Print journalism is dead, ha!

Hello reader. If we haven’t already acquainted ourselves, I’m the digital age of information. I stream, tweet and tag. I give you the quick and dirty, the obsessive-compulsive and follow-this-link news that gives you more information than you needed – assuming your brain can filter through the pop-up and flashing banner advertisements. I’m here to provide for you the neurotic need of checking three news organizations’ websites before you’re satisfied with the end result, and best of all, I’m free.

In 2007, a group of political editors and journalists working for The Washington Post saw this digital-age persona as a friend. While some writers procrastinated their future requirement of creating video or posting additional content in a blog, the journalists who grabbed the new media and slugged it over their shoulders are now working for the web’s most entertaining political website: Politico.

What’s even more surprising to our morbid opinion on the downfall of print journalism is that this news organization is making money – and I bet that’s making some of the still-employed journalists shift uncomfortably in their seat.

Politico likes to call themselves a web-based news organization that just happens to own a paper. On a recent trip to Washington D.C., I saw most of those papers gone by mid-afternoon; you were lucky to get one at all. Their system’s not perfect (i.e. pushing the Obama administration’s goals to the forefront, inexperienced yahoos running around with cameras), but they’ve mastered the one question print newspapers are struggling to answer: What do you want to read?

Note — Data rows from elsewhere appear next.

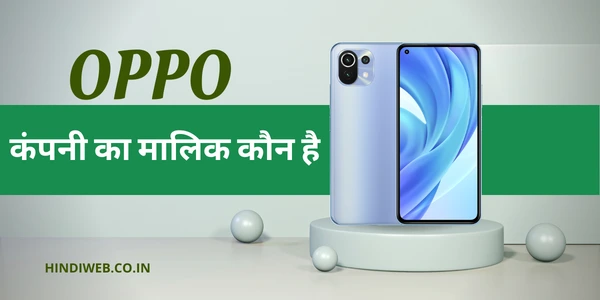 ओप्पो कंपनी का मालिक कौन है OPPO COMPANY KA MALIK KAUN HAI 2022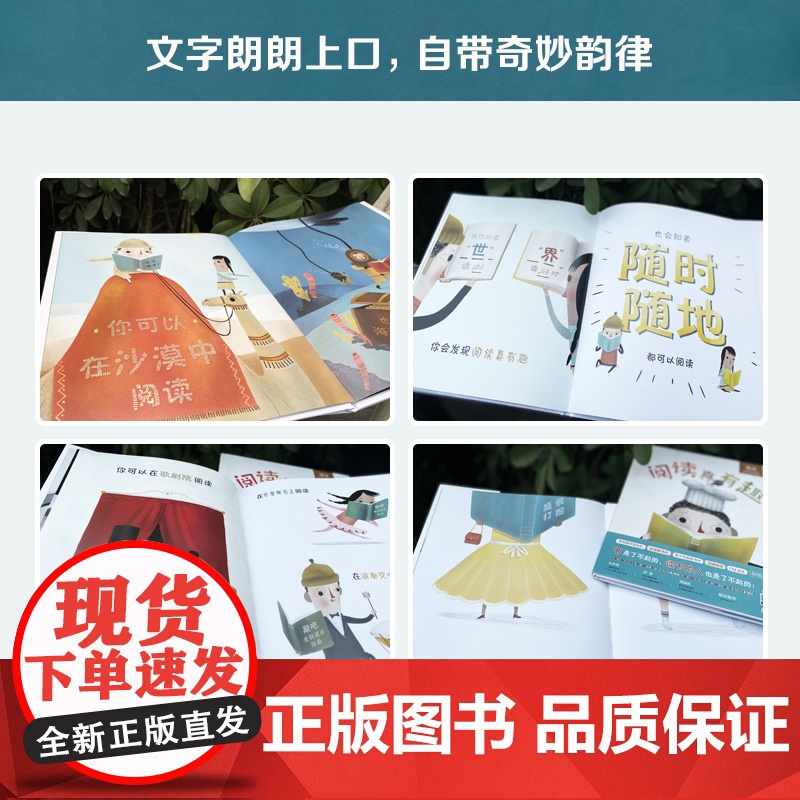 阅读真有趣 儿童阅读兴趣培养绘本 解锁读书新姿势 让孩子在大笑中爱上阅读 3-6岁高清大图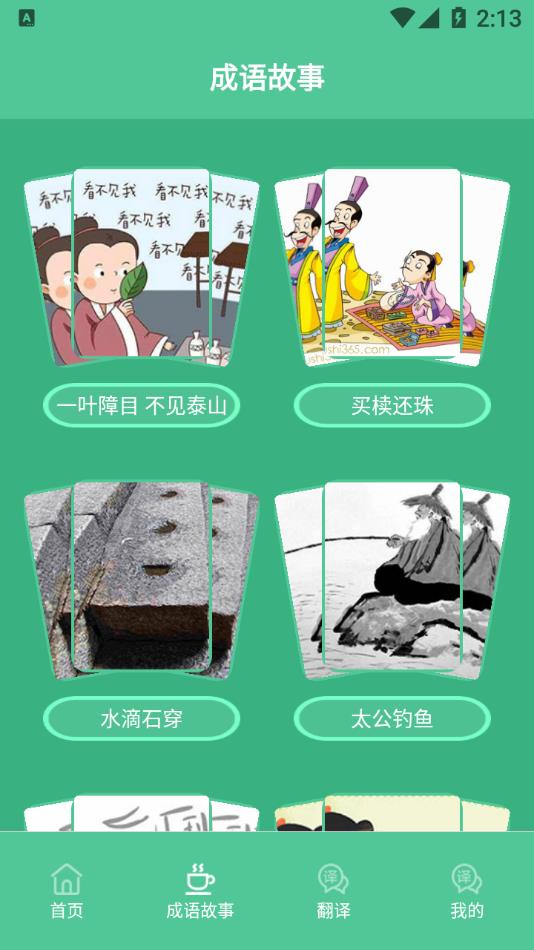 乐学习云平台app 截图2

What do you want, you spoiled brats of constant-update, breaking-news junkies? How do I make you pay attention to the important stuff you need to know? Editors and publishers are sweating at their neck collars trying to figure it out.

As one of those zombie, need-news-now consumers, I would venture to answer your question with a simple request: stop fighting your readers.

Print journalism cannot compete because it has lost its goals. The few who are still surviving serve a special need, whether it’s a hyper-local daily paper in a small town or an alternative weekly the hipsters turn to for band interviews. But how can you expect to be a daily statewide paper trying to serve the same goal when you’ve chopped up your newsroom and continue to play a pity card how your profession is dying? It’s sink or swim, boys, and if you’re not at least making a splash in the water, how do you expect to overcome the waves?

I’ve talked to too-many jaded reporters who see the internet as the apocalypse of news, and what’s even more ironic, is the man who is destroying unbiased information is the one trying to sustain print journalism. Engrossed in swallowing the New York Times and pushing right-wing pundits to celebrity status, Rupert Murdoch has launched the city edition in the Wall Street Journal for New York.

If you’re feeling unemployable lately, come and hang out with the new journalists joining the jungle with some valuable tools.

Oh, and have you met my new friend, multimedia?